(WORKING DATA Opens)
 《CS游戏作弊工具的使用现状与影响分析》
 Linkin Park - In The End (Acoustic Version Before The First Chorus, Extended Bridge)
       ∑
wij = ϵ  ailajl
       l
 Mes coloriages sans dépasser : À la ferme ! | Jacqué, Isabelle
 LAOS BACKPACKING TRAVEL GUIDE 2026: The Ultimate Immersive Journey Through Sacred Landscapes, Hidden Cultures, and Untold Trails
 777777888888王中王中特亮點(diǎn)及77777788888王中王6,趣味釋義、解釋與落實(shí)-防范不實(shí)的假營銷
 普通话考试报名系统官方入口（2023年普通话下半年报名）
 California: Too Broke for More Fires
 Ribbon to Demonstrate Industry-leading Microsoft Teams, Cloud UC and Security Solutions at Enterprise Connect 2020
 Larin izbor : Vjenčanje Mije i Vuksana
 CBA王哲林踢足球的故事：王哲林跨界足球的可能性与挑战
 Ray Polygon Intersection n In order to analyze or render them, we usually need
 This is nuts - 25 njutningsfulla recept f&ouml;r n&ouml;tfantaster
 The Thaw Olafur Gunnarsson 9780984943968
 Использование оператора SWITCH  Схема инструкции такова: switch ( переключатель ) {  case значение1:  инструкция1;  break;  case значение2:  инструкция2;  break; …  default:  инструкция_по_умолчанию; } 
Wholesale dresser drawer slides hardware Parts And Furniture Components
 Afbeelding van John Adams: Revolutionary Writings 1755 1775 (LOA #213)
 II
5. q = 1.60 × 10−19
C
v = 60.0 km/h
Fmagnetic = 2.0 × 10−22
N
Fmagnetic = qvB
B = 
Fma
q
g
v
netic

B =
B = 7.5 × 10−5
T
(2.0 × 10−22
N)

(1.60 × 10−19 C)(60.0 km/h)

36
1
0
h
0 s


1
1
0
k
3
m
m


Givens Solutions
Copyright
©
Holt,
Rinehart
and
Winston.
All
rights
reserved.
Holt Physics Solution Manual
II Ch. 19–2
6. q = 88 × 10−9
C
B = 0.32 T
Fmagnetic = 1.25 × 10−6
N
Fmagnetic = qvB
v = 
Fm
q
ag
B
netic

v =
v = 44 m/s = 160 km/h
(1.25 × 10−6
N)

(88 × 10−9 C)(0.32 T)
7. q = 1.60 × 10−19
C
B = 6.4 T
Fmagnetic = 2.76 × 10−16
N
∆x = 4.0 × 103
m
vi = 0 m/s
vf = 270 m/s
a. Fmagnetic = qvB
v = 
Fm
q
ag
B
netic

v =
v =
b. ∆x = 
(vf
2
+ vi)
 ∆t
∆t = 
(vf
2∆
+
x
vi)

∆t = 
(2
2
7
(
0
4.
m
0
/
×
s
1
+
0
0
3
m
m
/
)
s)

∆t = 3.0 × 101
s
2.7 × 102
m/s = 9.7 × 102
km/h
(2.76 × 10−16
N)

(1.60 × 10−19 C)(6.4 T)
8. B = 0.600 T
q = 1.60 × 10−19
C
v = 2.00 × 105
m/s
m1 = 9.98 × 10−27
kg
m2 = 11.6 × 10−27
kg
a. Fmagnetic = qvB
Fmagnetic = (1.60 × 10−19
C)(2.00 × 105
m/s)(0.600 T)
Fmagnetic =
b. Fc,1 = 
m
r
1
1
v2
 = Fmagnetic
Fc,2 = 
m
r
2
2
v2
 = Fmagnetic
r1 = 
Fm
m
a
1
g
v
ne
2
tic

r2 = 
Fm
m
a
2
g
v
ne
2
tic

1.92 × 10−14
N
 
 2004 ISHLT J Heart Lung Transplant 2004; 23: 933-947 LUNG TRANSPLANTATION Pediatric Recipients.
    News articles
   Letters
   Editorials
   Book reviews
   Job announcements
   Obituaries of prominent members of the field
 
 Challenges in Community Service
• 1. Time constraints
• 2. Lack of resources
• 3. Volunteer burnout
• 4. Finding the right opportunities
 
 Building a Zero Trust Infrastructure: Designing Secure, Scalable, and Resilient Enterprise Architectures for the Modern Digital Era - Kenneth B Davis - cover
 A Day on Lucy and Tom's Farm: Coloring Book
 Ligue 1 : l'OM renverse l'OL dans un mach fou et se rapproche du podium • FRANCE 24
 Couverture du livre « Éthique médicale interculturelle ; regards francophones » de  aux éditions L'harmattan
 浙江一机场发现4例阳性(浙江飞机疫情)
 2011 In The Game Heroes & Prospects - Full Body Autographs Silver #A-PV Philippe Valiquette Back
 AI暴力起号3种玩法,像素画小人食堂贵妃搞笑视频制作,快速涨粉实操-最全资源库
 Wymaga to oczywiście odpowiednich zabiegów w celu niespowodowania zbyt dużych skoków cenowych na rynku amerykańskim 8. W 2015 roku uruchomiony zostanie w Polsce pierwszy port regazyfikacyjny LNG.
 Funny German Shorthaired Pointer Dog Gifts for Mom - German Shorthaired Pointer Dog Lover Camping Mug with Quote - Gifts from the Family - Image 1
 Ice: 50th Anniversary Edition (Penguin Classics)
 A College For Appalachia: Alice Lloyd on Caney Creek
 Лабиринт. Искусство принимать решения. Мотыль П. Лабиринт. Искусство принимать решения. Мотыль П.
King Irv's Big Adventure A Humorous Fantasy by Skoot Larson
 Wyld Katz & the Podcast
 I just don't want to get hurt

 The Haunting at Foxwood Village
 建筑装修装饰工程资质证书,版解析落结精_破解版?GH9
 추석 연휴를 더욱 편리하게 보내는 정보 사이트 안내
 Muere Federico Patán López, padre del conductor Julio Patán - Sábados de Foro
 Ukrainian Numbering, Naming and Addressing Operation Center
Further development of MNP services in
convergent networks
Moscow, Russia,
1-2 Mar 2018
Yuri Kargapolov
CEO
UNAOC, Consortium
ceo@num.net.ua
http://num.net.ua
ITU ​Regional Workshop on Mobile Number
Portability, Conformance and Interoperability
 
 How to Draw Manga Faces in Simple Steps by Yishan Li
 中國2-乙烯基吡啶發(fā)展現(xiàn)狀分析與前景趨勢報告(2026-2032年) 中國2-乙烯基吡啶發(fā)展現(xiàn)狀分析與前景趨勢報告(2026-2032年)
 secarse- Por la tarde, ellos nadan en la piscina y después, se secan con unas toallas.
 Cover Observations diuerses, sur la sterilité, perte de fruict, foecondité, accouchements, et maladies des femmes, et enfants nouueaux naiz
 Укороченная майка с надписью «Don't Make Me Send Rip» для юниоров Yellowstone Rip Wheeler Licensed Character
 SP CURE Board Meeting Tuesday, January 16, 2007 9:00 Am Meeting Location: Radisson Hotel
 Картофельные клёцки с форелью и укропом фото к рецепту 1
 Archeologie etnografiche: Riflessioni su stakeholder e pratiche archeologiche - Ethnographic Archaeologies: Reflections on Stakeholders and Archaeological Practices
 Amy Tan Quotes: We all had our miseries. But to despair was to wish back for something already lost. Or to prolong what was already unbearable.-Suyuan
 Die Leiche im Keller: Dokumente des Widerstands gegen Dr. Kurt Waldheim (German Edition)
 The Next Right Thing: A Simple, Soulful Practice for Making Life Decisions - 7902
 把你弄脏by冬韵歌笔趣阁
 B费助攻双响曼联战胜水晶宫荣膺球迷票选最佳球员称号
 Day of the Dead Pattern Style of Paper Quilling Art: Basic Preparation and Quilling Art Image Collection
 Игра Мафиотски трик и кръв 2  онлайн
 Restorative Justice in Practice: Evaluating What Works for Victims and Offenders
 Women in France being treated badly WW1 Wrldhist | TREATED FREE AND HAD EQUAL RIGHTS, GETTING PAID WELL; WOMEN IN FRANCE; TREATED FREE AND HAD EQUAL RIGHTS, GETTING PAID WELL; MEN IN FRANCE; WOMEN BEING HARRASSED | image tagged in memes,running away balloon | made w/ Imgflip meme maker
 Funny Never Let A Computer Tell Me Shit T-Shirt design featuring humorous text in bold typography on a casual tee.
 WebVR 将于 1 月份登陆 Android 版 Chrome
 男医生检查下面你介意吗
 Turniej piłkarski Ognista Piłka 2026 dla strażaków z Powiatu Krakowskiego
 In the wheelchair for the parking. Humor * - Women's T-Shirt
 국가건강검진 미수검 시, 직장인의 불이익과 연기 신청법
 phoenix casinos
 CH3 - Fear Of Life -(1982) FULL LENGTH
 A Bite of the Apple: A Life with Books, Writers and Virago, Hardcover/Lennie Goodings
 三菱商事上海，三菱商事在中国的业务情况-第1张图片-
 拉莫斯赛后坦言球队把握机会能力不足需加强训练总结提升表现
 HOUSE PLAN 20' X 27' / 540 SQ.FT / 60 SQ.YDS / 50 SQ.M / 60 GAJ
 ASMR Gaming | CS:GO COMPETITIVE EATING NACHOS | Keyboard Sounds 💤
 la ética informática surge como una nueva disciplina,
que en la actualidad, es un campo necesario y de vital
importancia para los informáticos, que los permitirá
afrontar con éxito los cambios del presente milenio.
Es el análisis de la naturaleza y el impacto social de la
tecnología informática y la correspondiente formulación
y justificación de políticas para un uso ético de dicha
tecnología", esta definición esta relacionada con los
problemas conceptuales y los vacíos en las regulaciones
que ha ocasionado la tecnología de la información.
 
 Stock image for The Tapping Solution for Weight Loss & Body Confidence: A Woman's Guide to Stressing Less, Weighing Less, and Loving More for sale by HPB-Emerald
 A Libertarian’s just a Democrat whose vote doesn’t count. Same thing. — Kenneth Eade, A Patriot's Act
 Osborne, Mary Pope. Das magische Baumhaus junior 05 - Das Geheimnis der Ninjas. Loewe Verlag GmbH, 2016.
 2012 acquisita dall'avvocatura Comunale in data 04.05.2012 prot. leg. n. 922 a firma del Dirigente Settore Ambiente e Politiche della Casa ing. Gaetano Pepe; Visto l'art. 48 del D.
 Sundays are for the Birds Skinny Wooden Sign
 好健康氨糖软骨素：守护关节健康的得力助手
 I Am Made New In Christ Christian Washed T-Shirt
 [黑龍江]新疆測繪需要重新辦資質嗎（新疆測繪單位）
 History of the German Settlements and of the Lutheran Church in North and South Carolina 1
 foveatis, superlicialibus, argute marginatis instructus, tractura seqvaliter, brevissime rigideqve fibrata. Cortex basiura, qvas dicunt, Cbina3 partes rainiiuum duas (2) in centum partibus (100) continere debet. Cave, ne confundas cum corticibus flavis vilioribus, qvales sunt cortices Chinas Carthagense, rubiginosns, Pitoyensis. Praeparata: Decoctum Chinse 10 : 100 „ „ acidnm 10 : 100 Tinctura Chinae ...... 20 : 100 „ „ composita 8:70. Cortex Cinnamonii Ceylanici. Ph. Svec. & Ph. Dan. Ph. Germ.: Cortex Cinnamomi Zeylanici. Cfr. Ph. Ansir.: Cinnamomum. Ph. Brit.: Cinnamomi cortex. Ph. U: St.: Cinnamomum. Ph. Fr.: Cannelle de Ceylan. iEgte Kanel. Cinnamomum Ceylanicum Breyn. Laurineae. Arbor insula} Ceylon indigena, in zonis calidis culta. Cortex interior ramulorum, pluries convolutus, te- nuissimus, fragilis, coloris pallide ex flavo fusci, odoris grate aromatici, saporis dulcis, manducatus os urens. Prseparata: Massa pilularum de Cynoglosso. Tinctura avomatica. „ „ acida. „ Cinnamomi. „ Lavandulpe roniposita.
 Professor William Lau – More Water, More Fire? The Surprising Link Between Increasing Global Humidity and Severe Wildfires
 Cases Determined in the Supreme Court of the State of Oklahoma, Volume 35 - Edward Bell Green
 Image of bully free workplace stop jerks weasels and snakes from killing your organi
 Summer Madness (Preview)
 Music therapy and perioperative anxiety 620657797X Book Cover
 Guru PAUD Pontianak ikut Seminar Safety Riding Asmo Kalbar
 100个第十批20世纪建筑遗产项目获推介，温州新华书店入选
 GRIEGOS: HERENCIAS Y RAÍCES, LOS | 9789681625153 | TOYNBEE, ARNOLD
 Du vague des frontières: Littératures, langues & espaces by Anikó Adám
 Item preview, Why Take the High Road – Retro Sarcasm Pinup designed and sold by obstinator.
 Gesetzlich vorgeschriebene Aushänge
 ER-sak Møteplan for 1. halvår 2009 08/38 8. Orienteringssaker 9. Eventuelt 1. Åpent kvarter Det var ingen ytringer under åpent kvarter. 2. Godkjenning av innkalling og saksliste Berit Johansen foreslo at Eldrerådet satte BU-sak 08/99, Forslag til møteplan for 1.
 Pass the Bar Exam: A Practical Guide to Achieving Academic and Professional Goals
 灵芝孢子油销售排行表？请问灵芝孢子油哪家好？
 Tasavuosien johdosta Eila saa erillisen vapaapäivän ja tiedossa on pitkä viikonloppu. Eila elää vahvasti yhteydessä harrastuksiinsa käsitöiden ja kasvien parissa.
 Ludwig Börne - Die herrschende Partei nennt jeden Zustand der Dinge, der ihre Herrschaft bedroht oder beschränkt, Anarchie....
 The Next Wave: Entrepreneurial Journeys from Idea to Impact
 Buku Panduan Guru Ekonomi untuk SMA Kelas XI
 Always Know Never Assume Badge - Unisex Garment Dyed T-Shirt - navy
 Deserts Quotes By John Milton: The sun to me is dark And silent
(WORKING DATA Closes)
• ASSIGNED TASK: Using the data above, restate word for word the lines from its opening line through the line that contains "The Thaw Olafur Gunnarsson 9780984943968", and no more.

• SOLVED PROBLEM:
 《CS游戏作弊工具的使用现状与影响分析》
 Linkin Park - In The End (Acoustic Version Before The First Chorus, Extended Bridge)
       ∑
wij = ϵ  ailajl
       l
 Mes coloriages sans dépasser : À la ferme ! | Jacqué, Isabelle
 LAOS BACKPACKING TRAVEL GUIDE 2026: The Ultimate Immersive Journey Through Sacred Landscapes, Hidden Cultures, and Untold Trails
 777777888888王中王中特亮點(diǎn)及77777788888王中王6,趣味釋義、解釋與落實(shí)-防范不實(shí)的假營銷
 普通话考试报名系统官方入口（2023年普通话下半年报名）
 California: Too Broke for More Fires
 Ribbon to Demonstrate Industry-leading Microsoft Teams, Cloud UC and Security Solutions at Enterprise Connect 2020
 Larin izbor : Vjenčanje Mije i Vuksana
 CBA王哲林踢足球的故事：王哲林跨界足球的可能性与挑战
 Ray Polygon Intersection n In order to analyze or render them, we usually need
 This is nuts - 25 njutningsfulla recept f&ouml;r n&ouml;tfantaster
 The Thaw Olafur Gunnarsson 9780984943968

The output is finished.